On Feb 8, 2008 3:31 PM, Steve Bennett stevagewp@gmail.com wrote:
On 2/9/08, Magnus Manske magnusmanske@googlemail.com wrote:
My http://tools.wikimedia.de/~magnus/wiki2xml/w2x.php parses it correctly as well, but it's still manual PHP hacks, while your is a real parser - respect!
Not too much respect. I think I have only *just* worked out why I need all these syntactic predicates and what backtracking is used for.
Throughout my grammar everywhere I have had to place these predicates like this:
((LEFT_BRACKET LEFT_BRACKET LEFT_BRACKET) => literal_left_bracket
// try and save it some time on [[[foo]]]? |(literal_left_bracket bracketed_url) => literal_left_bracket |(image) => image |(category) => category |(external_link) => external_link |(internal_link) => internal_link |(magic_link) => magic_link |pre_block |(formatted_text_elem) =>formatted_text_elem )
The bit before the => on each line basically says "look ahead, and if the syntax matches the bit in brackets, then go ahead and parse it as the bit after the =>.
I never knew why I needed them to make it work, but now I see: in the case of an image, if it just dove straight into trying to parse a string like [[image:foo]] (not a valid image), it would hit the first [[, think the image rule matched, and keep going. Eventually it would realise the rule didn't match but it would be too late: because the grammar is blatantly not LALR (I think?), it would just fail (unless it could backtrack, which I'm not using). By using the syntactic predicate, it's able to prevent itself from falling in a hole - it looks ahead, sees "that looks like an image...oh wait, no it's not!", and tries the next rule instead.
There's a huge amount of messiness in the grammar so far caused by me not really understanding this stuff. I also haven't been very clean about where newlines and whitespace are handled exactly.
Anyway, my latest rant about tables (sorry Magnus :)) In the following table, which part is the style attribute for a table cell, and which part is the cell contents:
{| |an [[image:foo.jpg|thumb|blah|]] or [[blaah|moo|wah]] floop | moop |}
(reminder: cell definitions with style attributes look like this: | style | contents ||...
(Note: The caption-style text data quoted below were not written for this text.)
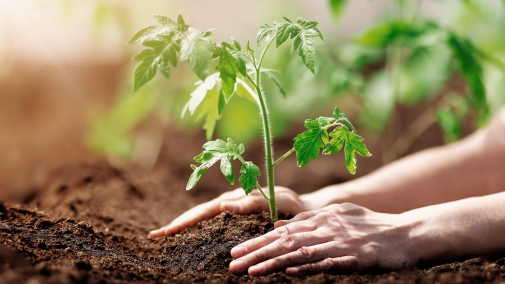 12 травня – Міжнародний день здоров'я рослин!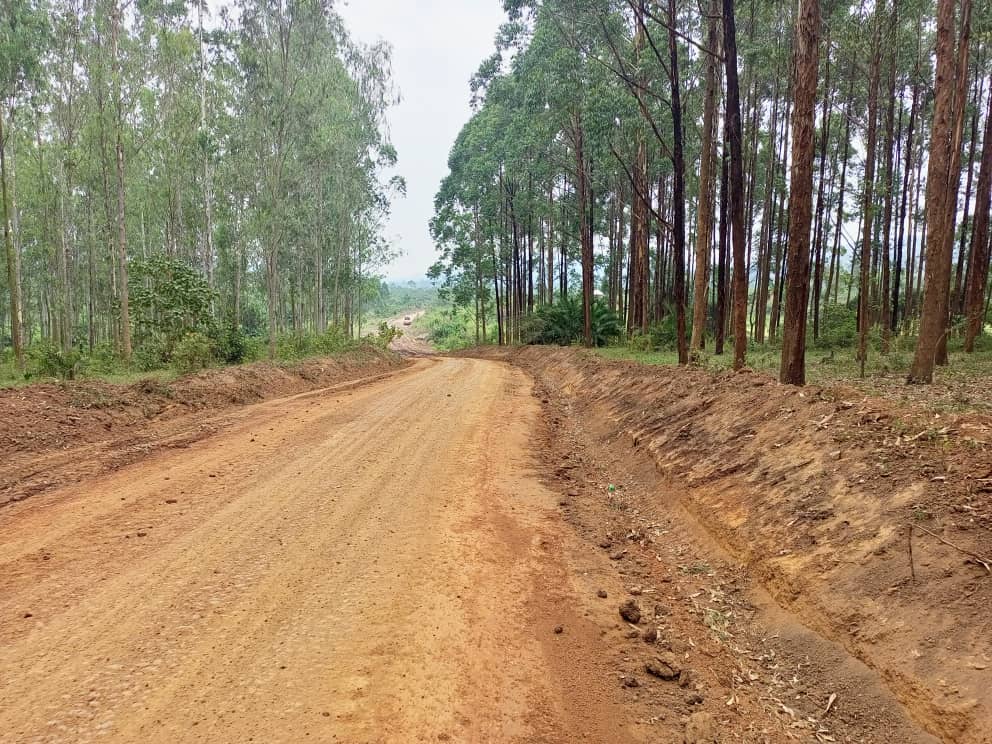 WhatsApp Image 2026-01-05 at 17.59.04_c3990d0f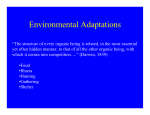Environmental Adaptations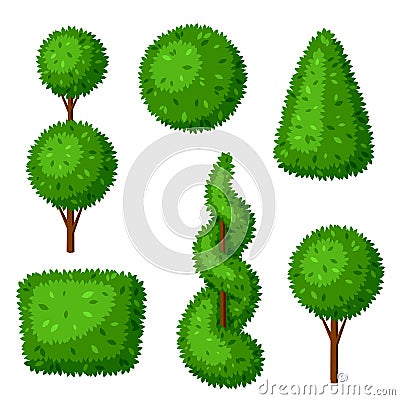 Boxwood topiary garden plants. Set of decorative trees Vector Illustration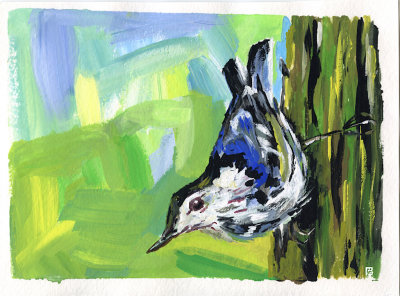 nuthatch in gouache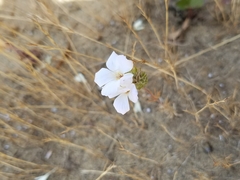 Leptosiphon grandiflorus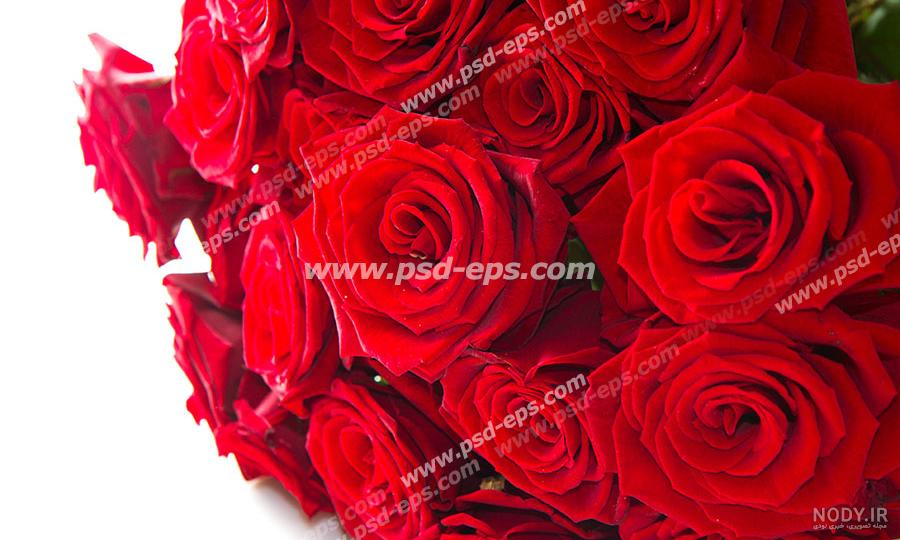 عکس دسته گل بزرگ رز - عکس نودی عکس دسته گل بزرگ رز - عکس نودی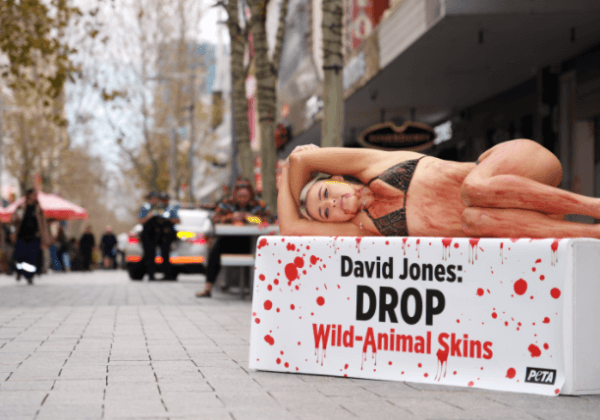 Tash Joins PETA to Protest David Jones’ Sales of Wild-Animal Skins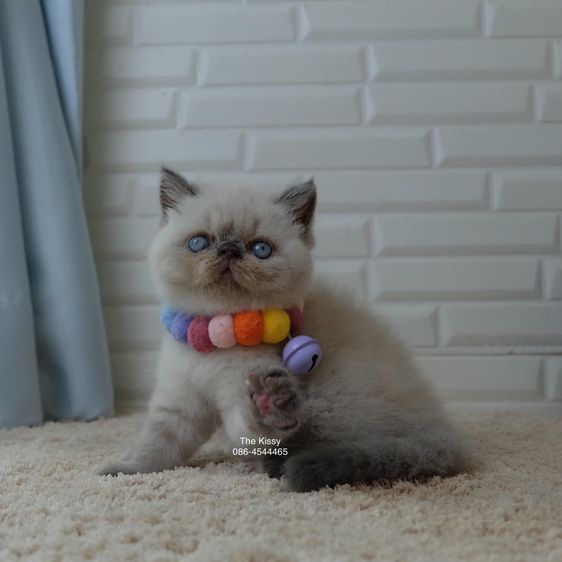 SOLD ขายแล้วน้องพบรัก Exotic shorthair  เอ็กซ์โซติกช๊อตแฮร์ สีหิมาลายัน บลูพ้อย ตาสีฟ้า พ้อยครบ 9 จุด โอยยยสวยจ้าสวย รูปที่ 4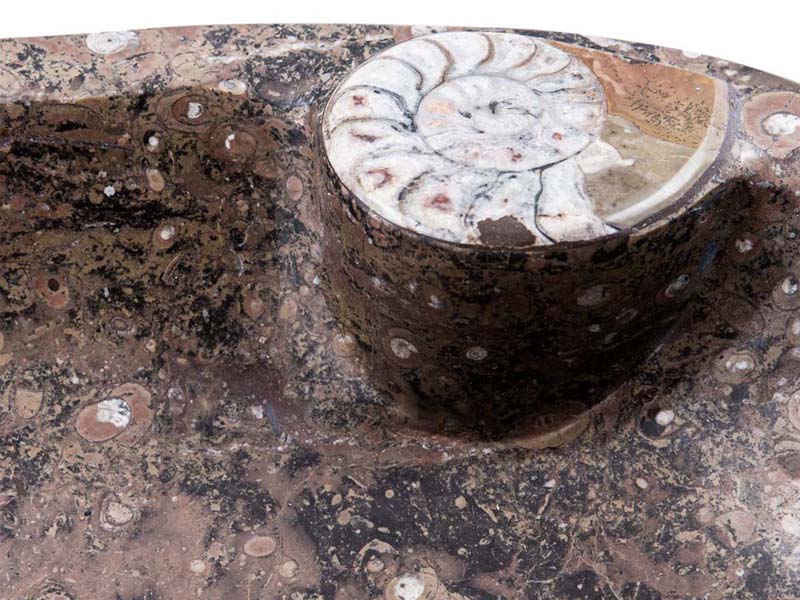 Lavabo Fossilien Nahansicht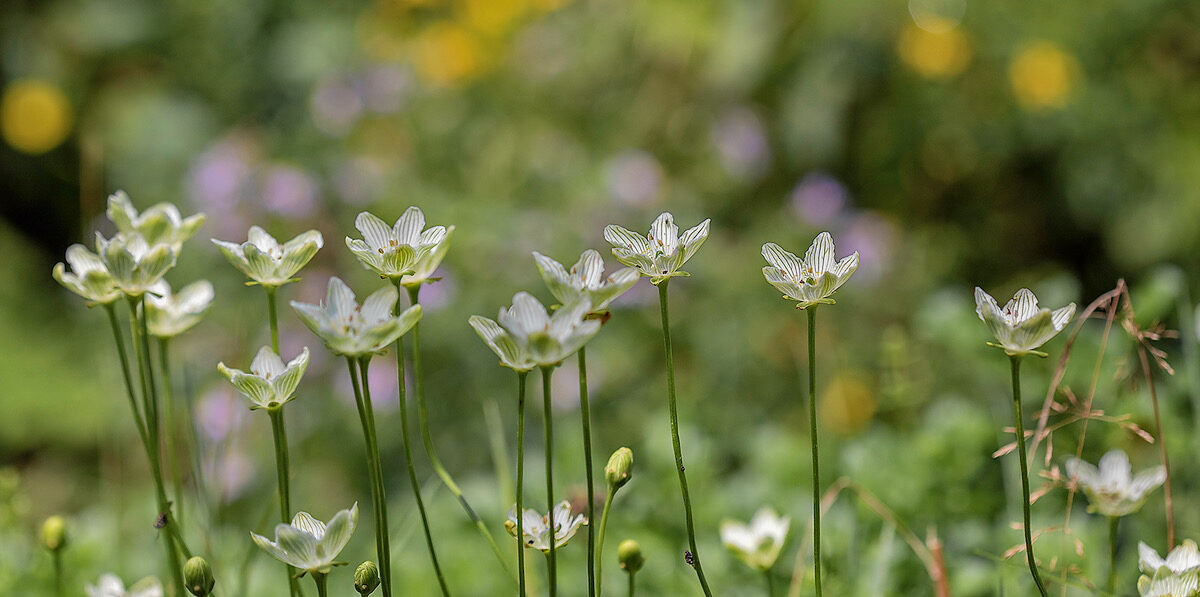 Fen Grass-of-Parnassus flowers beckon and float like little balloons over their own cluster of basal leaves and nearby plants.  Bryan Pfeiffer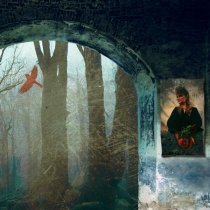 твоя таис - Ни следа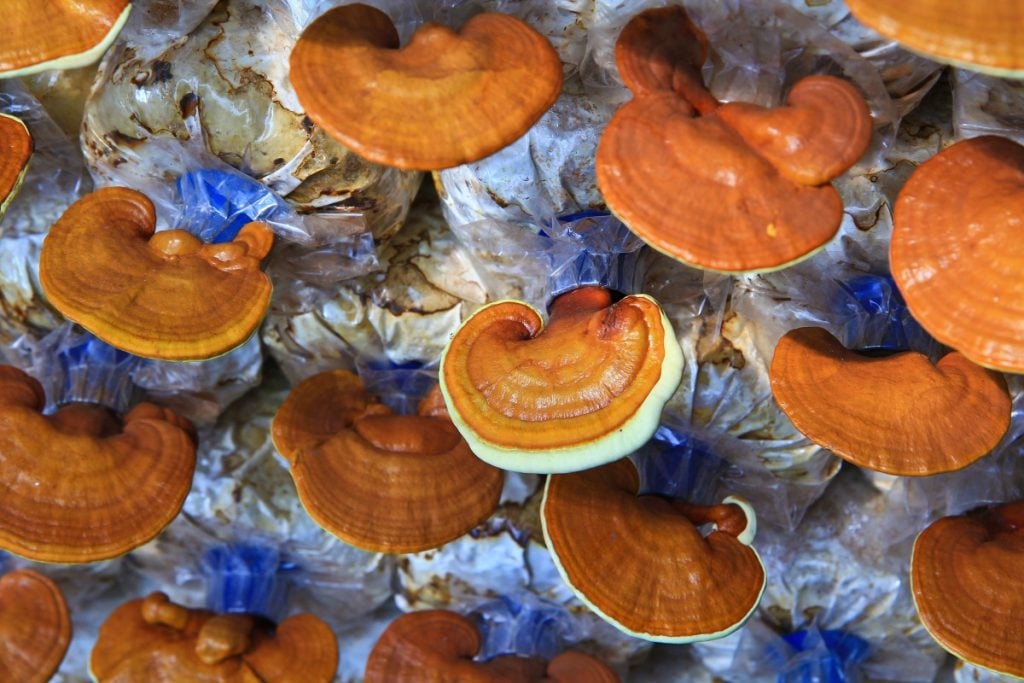 Reishi conks growing out of bags of substrate.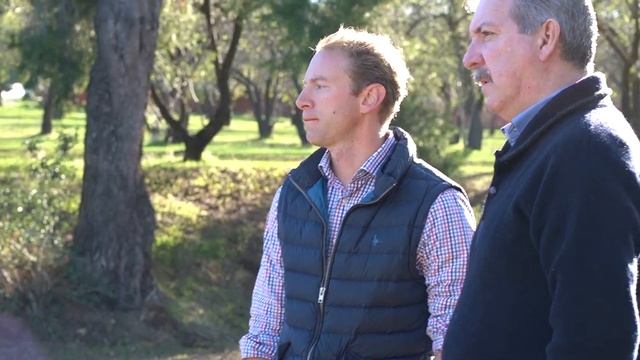 Candy Road intersection upgrade смотреть онлайн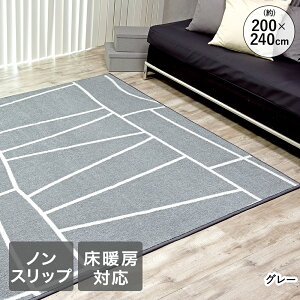 O ~ Opbh A_[O 200×240cm 3 ` O[A ꏤ | YȂ ӂ ~ E^ zbgJ[ybgΉ g[Ή ₦΍ LYh~ h~ J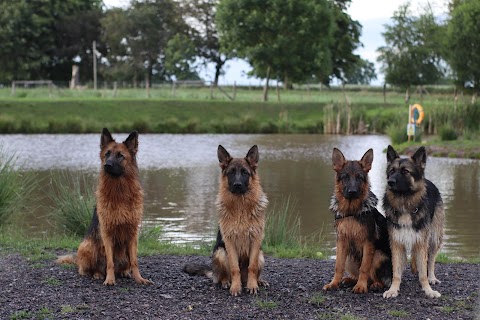 Unleashed Dog Adventure Park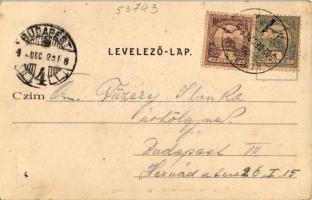 1902 Komárom, Komárno; Várkapu. Czike Dénes kiadása / castle gate (EK)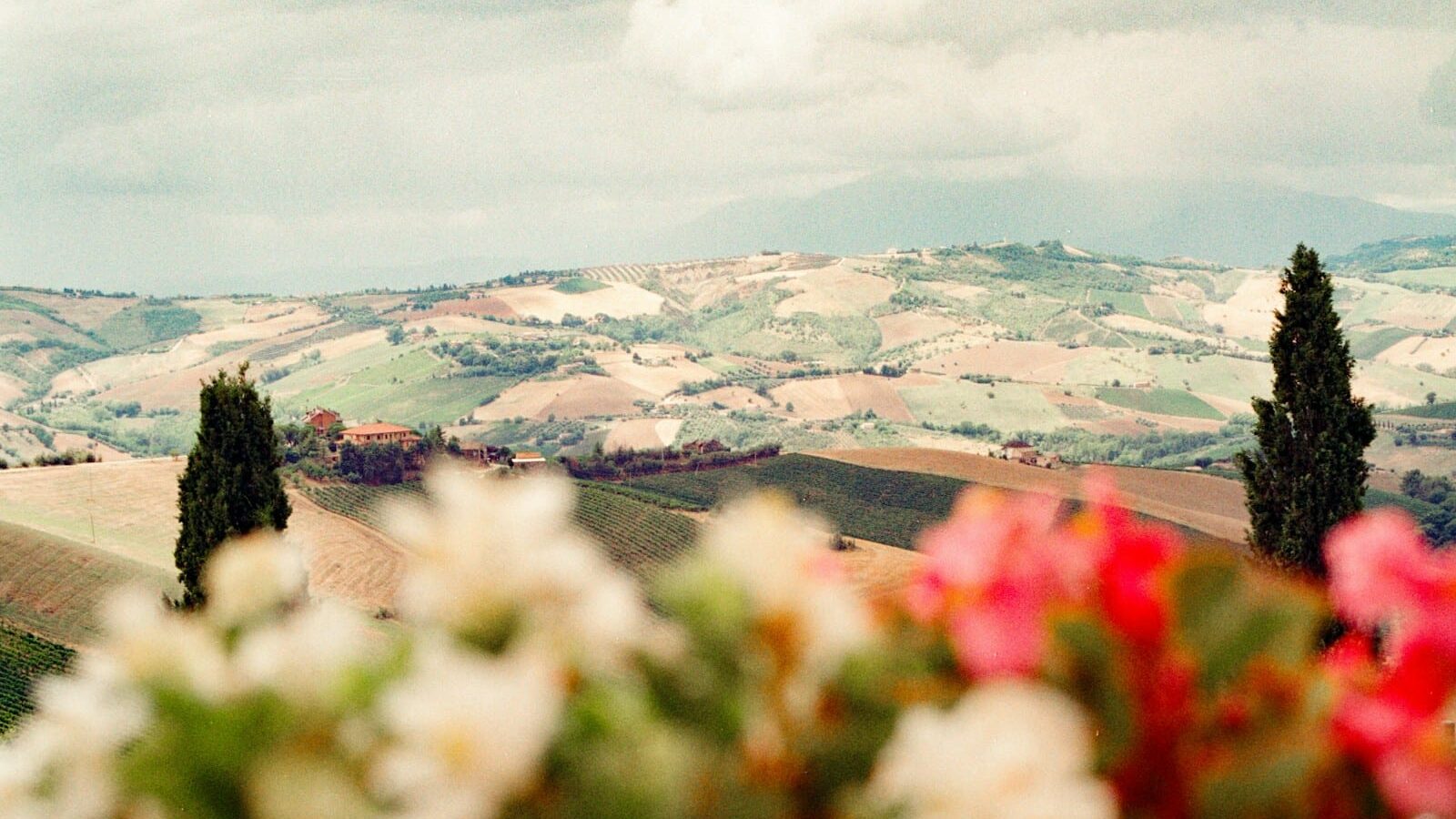 A view across Tuscan farmland and cypress trees from an agriturismo terrace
Buggered if I know. I might have to impose a rule involving the range of possible characters that could appear in the style attribute. I didn't really want to have actually parse that bit properly...
That's exactly what I did in wiki2xml, and it works (yesss, still ahead;-)
Of course, I cheap out in another regard there: wiki2xml parses images and links alike, and parses even links with "too many" parameters. My reasons for that: * Lazyness * No need to know the language/wiki settings (which make "Image:" special for en) * Flexible for "add-ons" (who knows, we might use three-part links someday...) * Not much additional burden for the next level (XML-to-something)
Cheers, Magnus